If you're making contributions to a personal or stakeholder pension, make sure the taxman knows. You're entitled to tax relief at your highest rate on every pound you contribute up to a maximum level. What's more, the pension fund itself pays no tax on its capital gains, nor its dividend and other investment income. On retirement, you can take a tax free lump sum as part of your pension up to a set limit.

You can also make savings on the provision of life cover if this forms part of your pension policy. For schemes started after April 2001, you're entitled to full tax relief at your highest rate on the premiums – the same tax relief you get on your pension contributions – providing they don't exceed 10 per cent of your total contributions. For schemes created before this date, tax relief is given at your highest rate providing the life's premiums don't exceed 5 per cent of your total pensionable earnings. If you're in a company pension scheme, you're not allowed this option as an individual, though the scheme may cover you. But if you are still contributing to a life assurance policy taken out before 1984, you will still be getting some tax relief.

Payments made out of taxed income to personal or stakeholder pension plans are topped up by the taxman at the basic rate of tax (22 per cent). So, for example, if you pay in £7,800 the taxman will make an additional payment of £2,200 to the pension company making a total investment of £10,000. If you are over 50, you may if you wish cash in a quarter of the fund tax free immediately. So, for a £10,000 fund, you would be left with a £7,500 investment at a net cost to you of £5,300 (£7,800 minus £2,500). Higher rate (40 per cent) taxpayers get an extra £3,000 tax relief by claiming it back on their tax return. Most individual pension plans require the remaining funds (£7,500 in the above example) to be used to purchase an annuity to generate an annual pension for life. Whether or not this will be advantageous will depend largely on annuity rates at the time you invest and also on the form you want the pension to take. For example, you may want it to be increased each year rather than be fixed. You may want the pension to be paid to your spouse in the event of your death. These additional benefits cost money and reduce the amount of your initial pension.

If you're considering this because of the tax advantages, consult an accountant for advice before making a decision. It's important to realise that you can't change your mind about an annuity – once you've invested in it you can't get your lump sum back.

31
Offset Business Losses from a Hobby Against Your Income from Employment
You may have an expensive hobby which has reached a point where it could be considered a business by the taxman – for example, buying and selling valuable books or paintings or photography or writing articles involving expensive research or travel.

If so, any losses you make in the first years of the business can be deducted from taxable income in the past three years and the tax repaid to you with a tax free repayment supplement. Business losses would arise after charging, among other things, use of your home for business purposes (if appropriate), an allowance for business equipment and the business proportion of any motoring expenses. Your losses could then be set against your income from full-time employment.
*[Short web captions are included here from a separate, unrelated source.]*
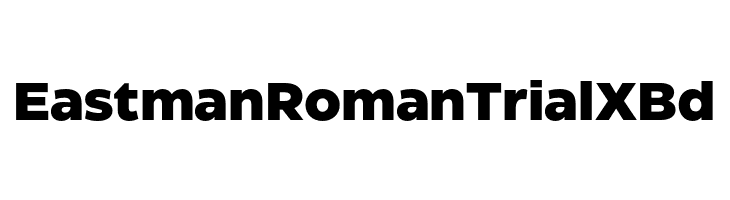 Eastman Roman Trial XBd  नि: शुल्क फ़ॉन्ट्स डाउनलोड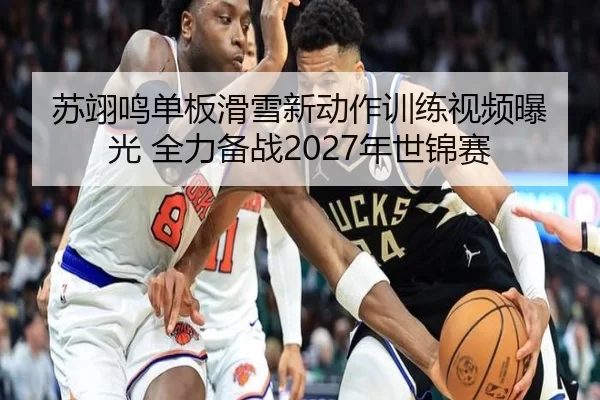 苏翊鸣单板滑雪新动作训练视频曝光 全力备战2027年世锦赛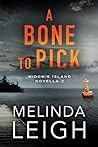 A Bone to Pick by Melinda Leigh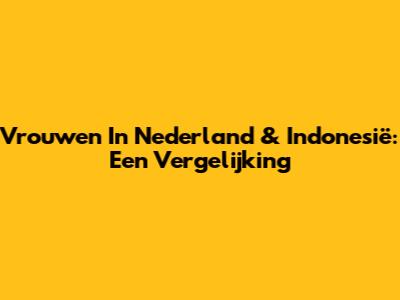 Vrouwen In Nederland & Indonesië: Een Vergelijking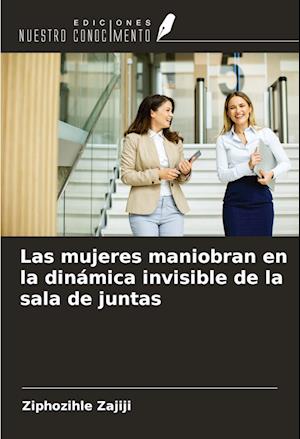 Las mujeres maniobran en la dinámica invisible de la sala de juntas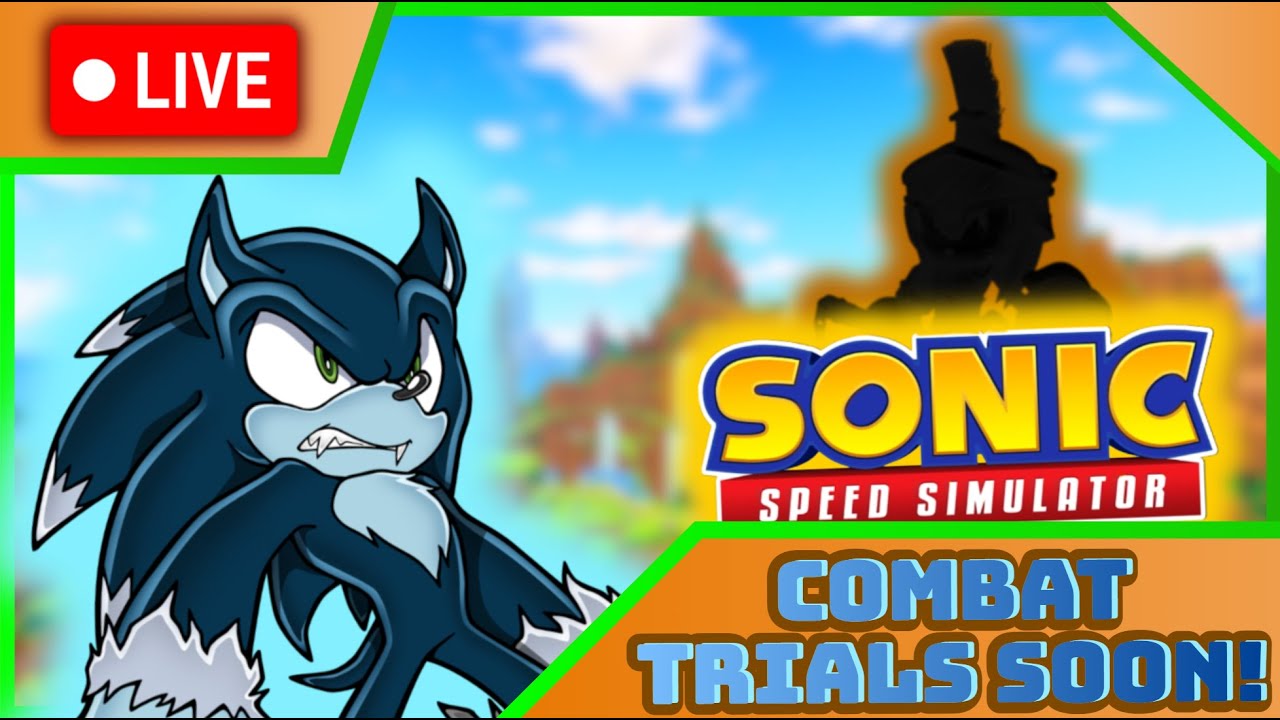 🕛NEW Combat Trial COMING SOON To Sonic Speed Simulator! | 🔴LIVE🔴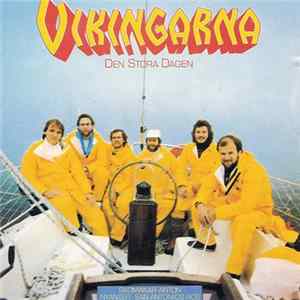 Vikingarna - Kramgoa Låtar 10: Den Stora Dagen mp3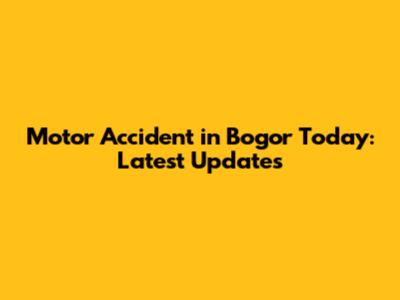 Motor Accident in Bogor Today: Latest Updates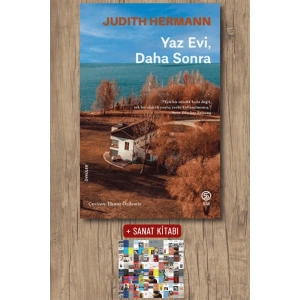 Yaz Evi, Daha Sonra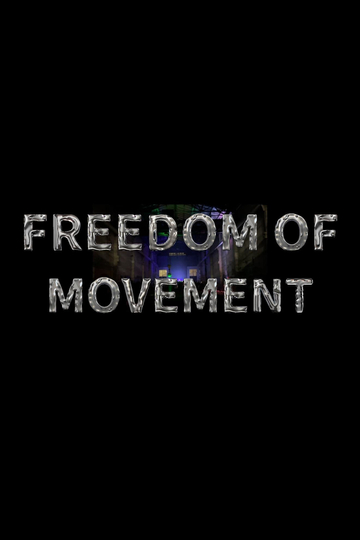 Freedom of Movement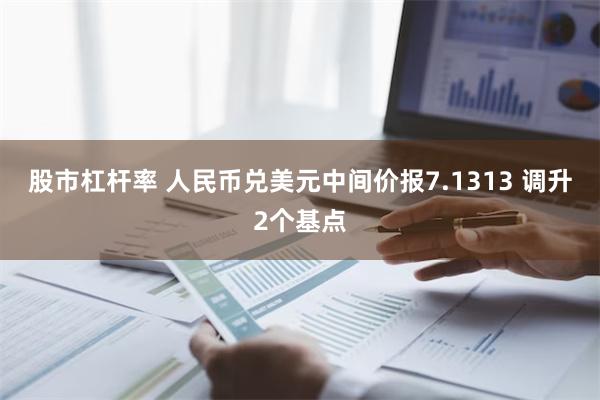 股市杠杆率 人民币兑美元中间价报7.1313 调升2个基点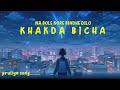 Na bole kore bindhe dilo khakda bicha. ||lofi song slowed+reverb lofi song #pruliya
This way you keep your hobby going, but have some tax savings to finance your investment programme too.
 
32
Ask for a Tax Free Golden Handshake if You're Made Redundant
If you're made redundant, your employer may suggest that you continue working for a time in the hope that you'll find another job before you leave. But if you leave straight away with a "golden handshake" as compensation for loss of office, you and your employer gain financially.

You pay no income tax or National Insurance Contributions on the first £30,000 of your redundancy pay. There are two exceptions to this rule:

  • If your employment contract gives you an automatic right to the payment, you lose the tax and NI exemptions.
  • If the redundancy agreement with your employer includes a clause preventing you from setting up a rival business, again you lose the benefits.
Your employer saves too. He pays no National Insurance Contributions on redundancy payments. He'd save 11.8 per cent of the sum you receive.